» **Activity**: The task calls for every entry to be printed word for word, without the images.

Segment Open

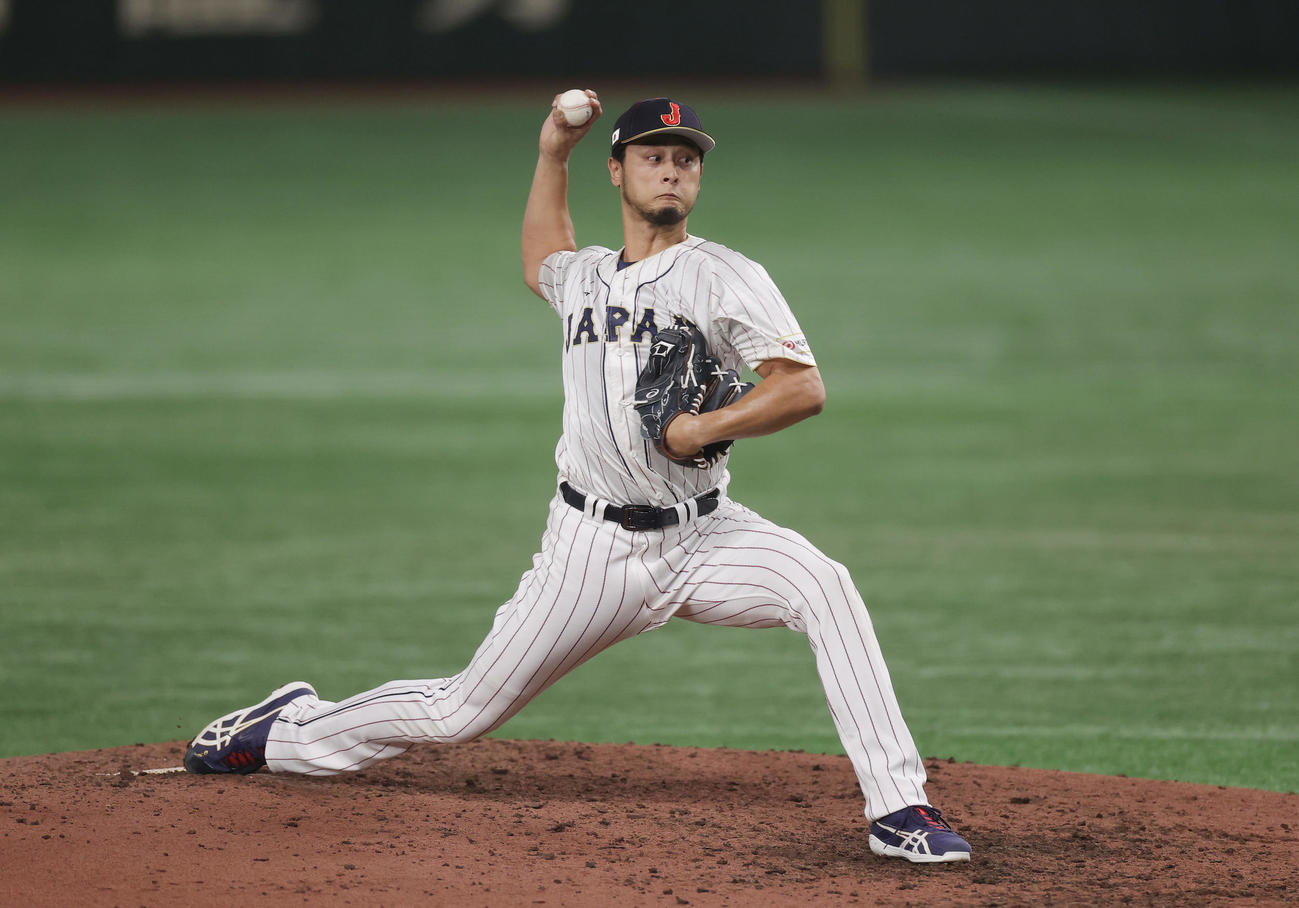 日本対イタリア　7回表、力投する日本4番手のダルビッシュ（撮影・前田充）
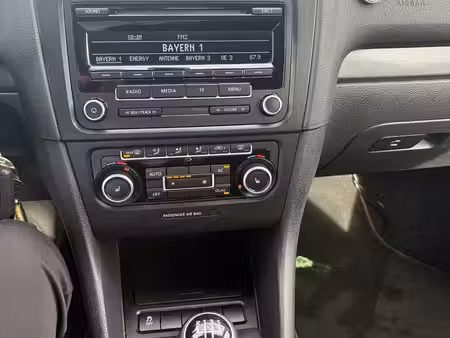 Volkswagen Golf 1.6 TDI 105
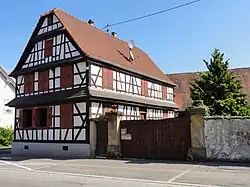 Ancienne ferme (1818), 50 rue des Barons-de-Fleckenstein.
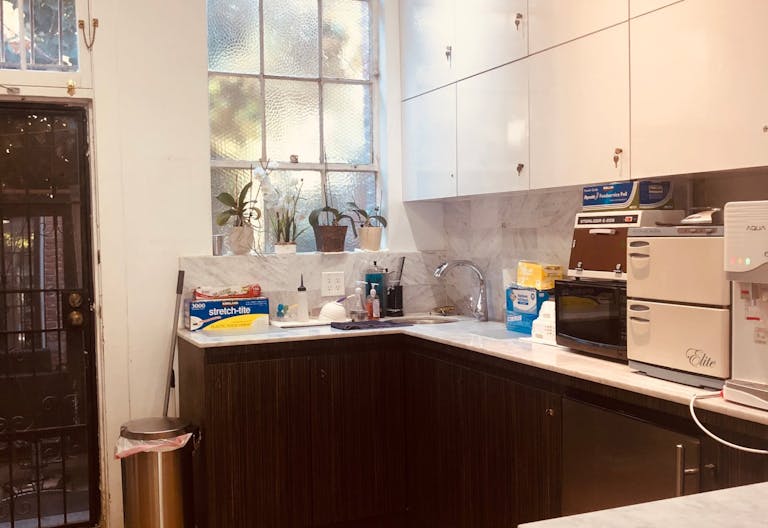 West Hollywood Salon Retreat - Image 2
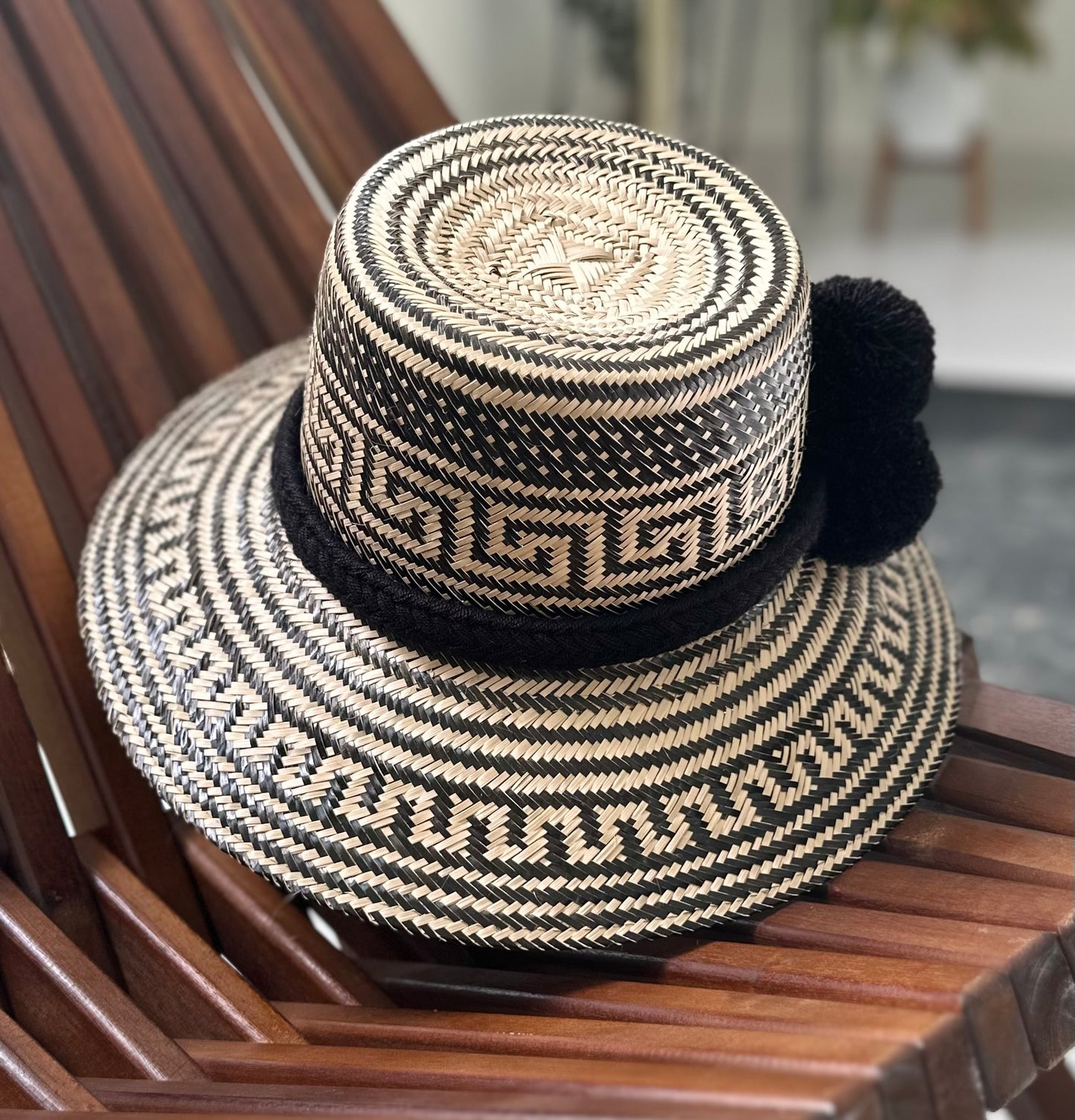 SOMBRERO A LA CORTA LLAVE BLACK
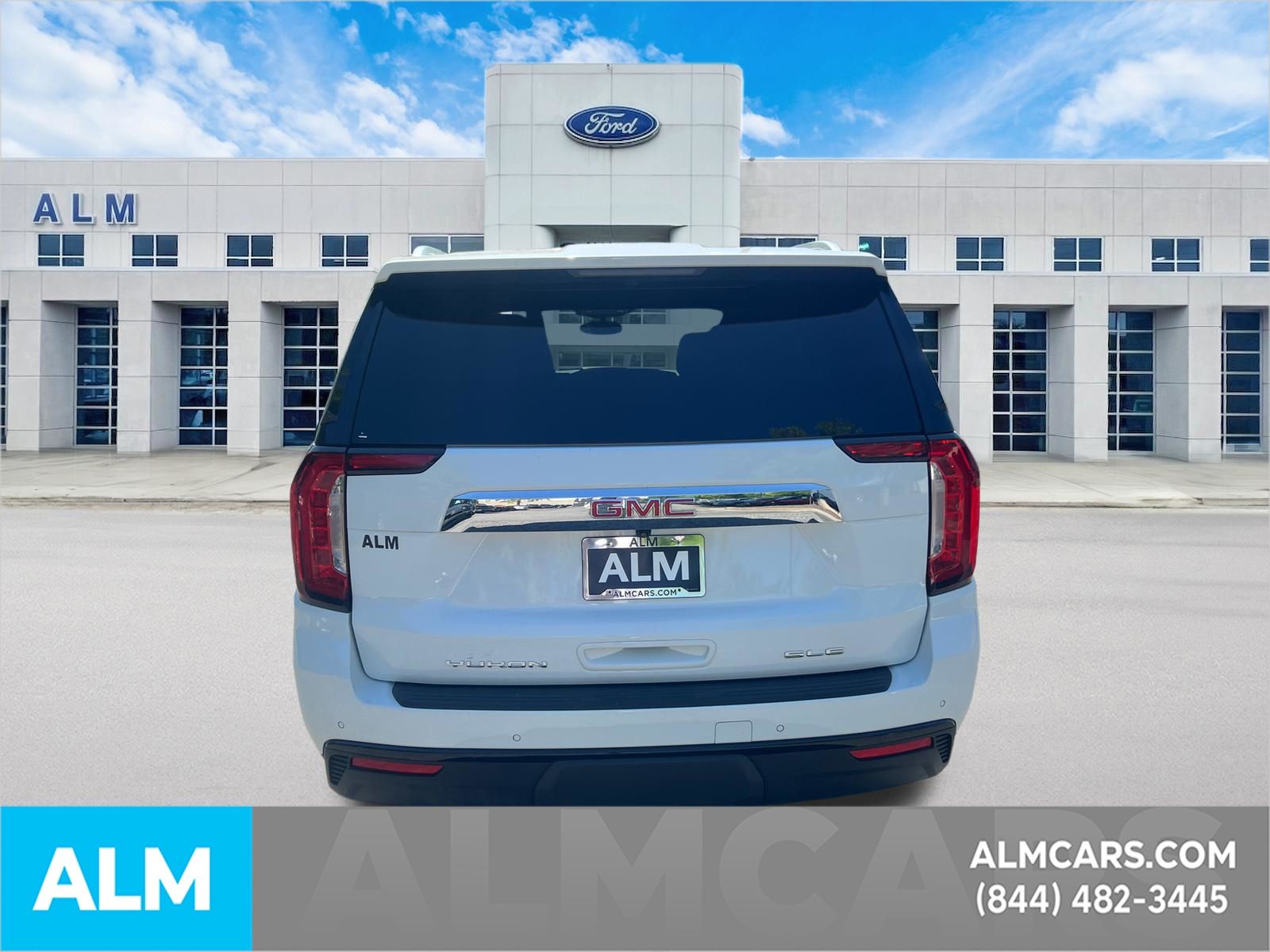 Used 2024 White GMC SLE image 6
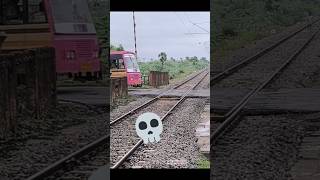 ரயில் வரும் போது bus train cross bus omg shorts trending [upl. by Soracco]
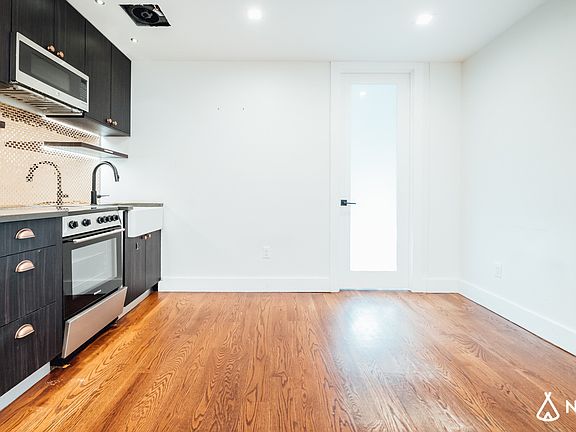 4th image of 681 Franklin Ave #4G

Segment Closed

» **Expected answer**:
 日本対イタリア　7回表、力投する日本4番手のダルビッシュ（撮影・前田充）
 Volkswagen Golf 1.6 TDI 105
 Ancienne ferme (1818), 50 rue des Barons-de-Fleckenstein.
 West Hollywood Salon Retreat - Image 2
 SOMBRERO A LA CORTA LLAVE BLACK
 Used 2024 White GMC SLE image 6
 ரயில் வரும் போது bus train cross bus omg shorts trending [upl. by Soracco]
 4th image of 681 Franklin Ave #4G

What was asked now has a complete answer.